**Work to be completed:** Look through the listing below for the line containing "Aceeași pagină pe telefon". Copy it and each line after it up to and including the line containing "4 1967 Brittany Blue Bronco", exactly, leaving out pictures.

**Data for this task:**
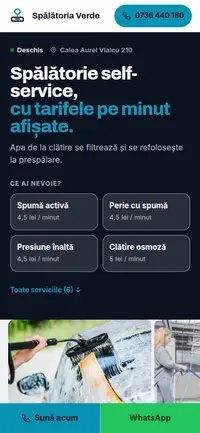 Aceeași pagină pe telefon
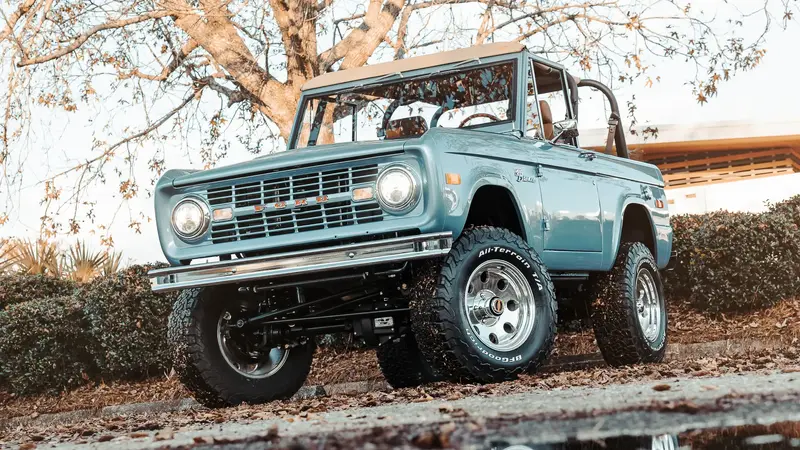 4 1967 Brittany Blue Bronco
---
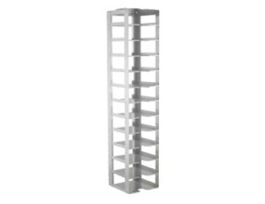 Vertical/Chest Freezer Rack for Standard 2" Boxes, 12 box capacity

**The completed task:**
 Aceeași pagină pe telefon
 4 1967 Brittany Blue Bronco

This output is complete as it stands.